What is needed =>
The answer should be each line of the records that contains the word "with"; please copy them all.

Materials provided =>

<<<<

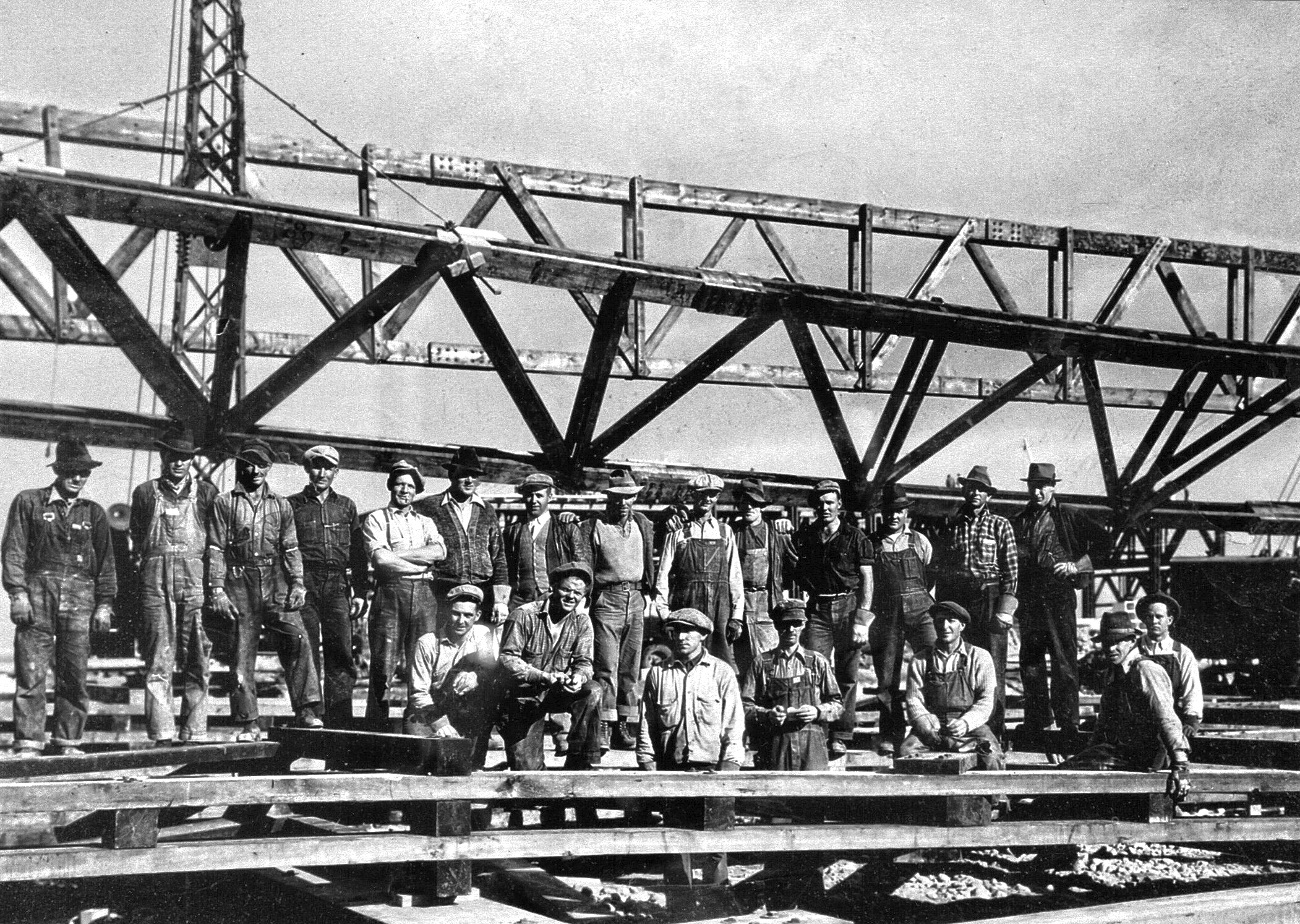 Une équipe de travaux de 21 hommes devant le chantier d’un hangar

>>>>
<<<<

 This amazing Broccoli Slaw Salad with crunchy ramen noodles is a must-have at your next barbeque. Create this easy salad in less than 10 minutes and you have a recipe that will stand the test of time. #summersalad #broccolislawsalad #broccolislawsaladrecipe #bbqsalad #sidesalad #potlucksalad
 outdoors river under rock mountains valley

>>>>
<<<<

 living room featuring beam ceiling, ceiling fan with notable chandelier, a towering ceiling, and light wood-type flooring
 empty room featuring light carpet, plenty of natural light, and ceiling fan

>>>>

Task response =>
 This amazing Broccoli Slaw Salad with crunchy ramen noodles is a must-have at your next barbeque. Create this easy salad in less than 10 minutes and you have a recipe that will stand the test of time. #summersalad #broccolislawsalad #broccolislawsaladrecipe #bbqsalad #sidesalad #potlucksalad
 living room featuring beam ceiling, ceiling fan with notable chandelier, a towering ceiling, and light wood-type flooring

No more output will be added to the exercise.